The Fed did succeed, however, in getting banks to sit on those fresh reserves, curbing new loans banks would typically make when fresh deposits show up. It was thanks to interest on excess reserves that the Fed ended up stimulating so little in the economy, despite its efforts to ease so much.
The new policy appeared intended to enhance the Fed’s traditional methods of monetary control. But in fact, it rendered those methods almost entirely impotent.
Returning to “normal” monetary policy means undoing all of those changes that made old‐fashioned monetary policy ineffective in the first place. Shrinking the Fed’s balance sheet isn’t enough. In fact, on its own it’s dangerous. If the Fed keeps paying banks not to lend at the same time it starts slimming its balance sheet, we could be in for very tight money.
In 1936, the Fed faced a similar situation. Fearing an outbreak of inflation, the Fed responded by raising banks’ legal reserve requirements. But, like today, banks wanted those big reserve cushions. To keep them, they clamped down on credit. The outcome was the notorious “Roosevelt Recession.”
Another recession is the last thing this economy needs.

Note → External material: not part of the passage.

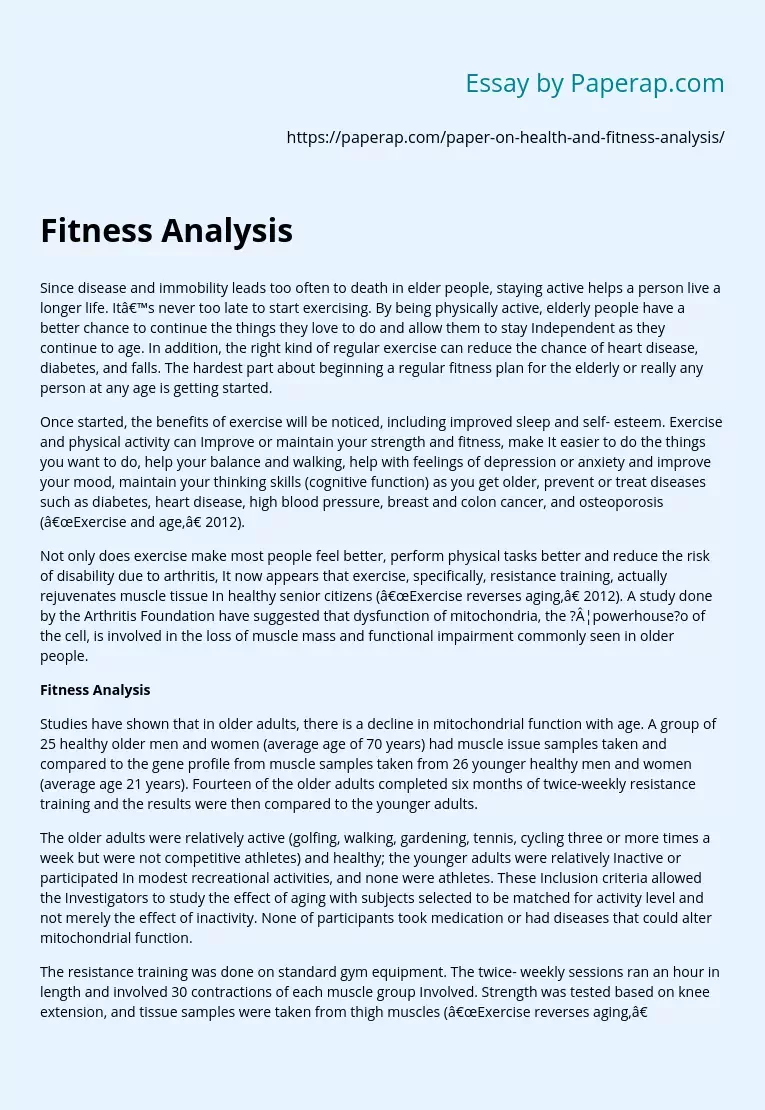 Fitness Analysis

But if the Fed sticks to its present normalization plan, that is exactly where we are headed.
To normalize without inviting a new recession, the Fed needs to combine its plan for shrinking the balance sheet with one for phasing‐out interest on excess reserves.

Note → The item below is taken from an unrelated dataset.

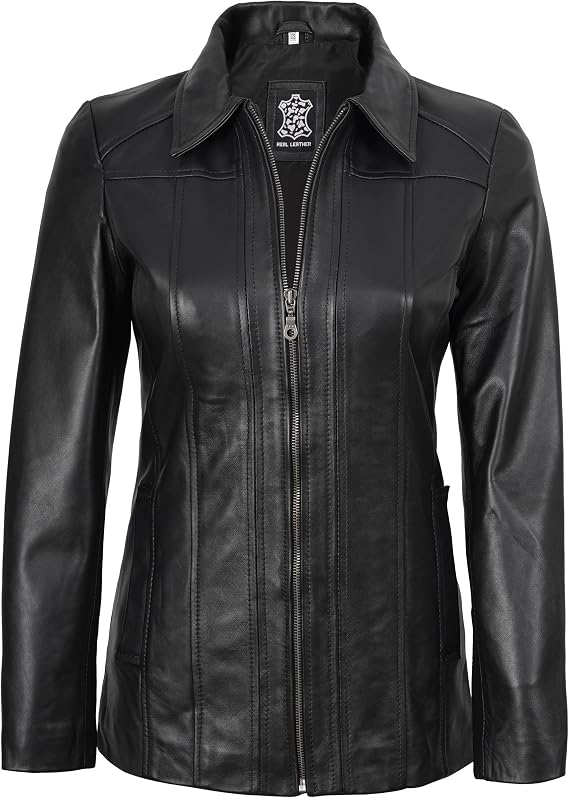 Decrum Car Coat Style Leather Jacket Women | Real Lambskin Leather, Full Polyester Lining, Front Zip Closure, Two Side & One Inside Pocket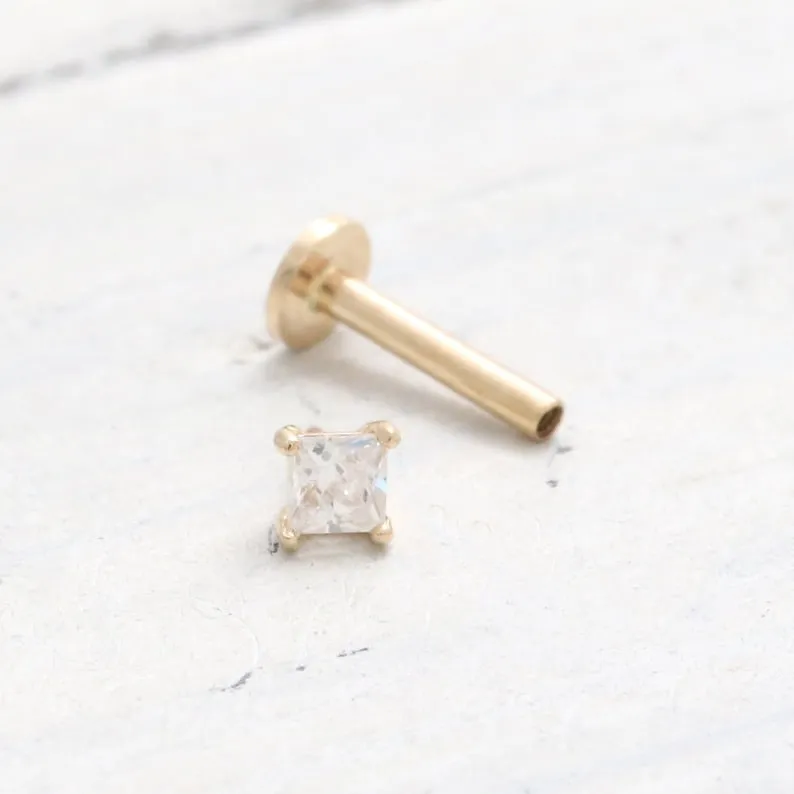 14K Real Gold Princess Cut CZ, Moissanite or Diamond Small Oval Helix Cartilage Tragus Inner Conch Internally Threaded Flat Back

Shedding assets tightens credit, but discouraging banks from holding reserves loosens it. By doing both at once — reducing assets and lowering interest on excess reserves — the Fed can keep money from becoming either too loose or too tight.
The balancing act won’t be easy, but it’s both possible, and worth it.

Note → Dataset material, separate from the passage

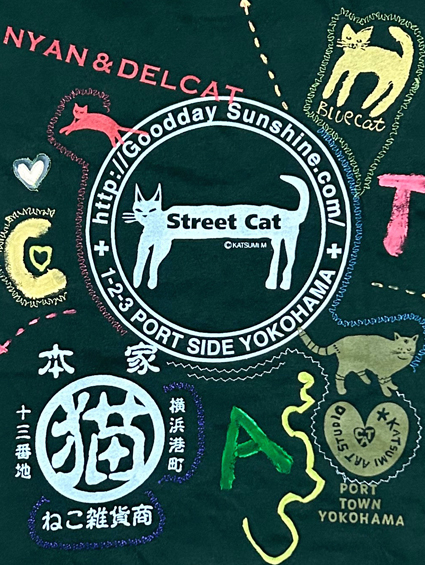 【猫柄】カツミアート（松下カツミ）ワンオフT-シャツ：Style.014（背中側イラスト）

Oddly, the Fed has been moving in the opposite direction, raising the interest rates it pays banks and other financial institutions to keep excess reserves. And the public, having had its fill of “low interest rates,” has been buying it as a step in the Fed’s “normalization” plan. But so long as the Fed encourages banks to hoard money, it is not returning to the pre‐crisis approach of monetary policy.
During the financial crisis the Fed ran many risky monetary policy experiments. One set of experiments added trillions of dollars of fresh reserves to the banking system and distorted credit markets. Another encouraged banks and other financial institutions to hoard those reserves, instead of lending or investing them.
Just how helpful these experiments were in ending the crisis, or promoting recovery, remains unclear. Only one thing is certain: If we want “normal” monetary policy without creating a recession, the Fed must shrink its balance sheet andstop paying banks not to lend.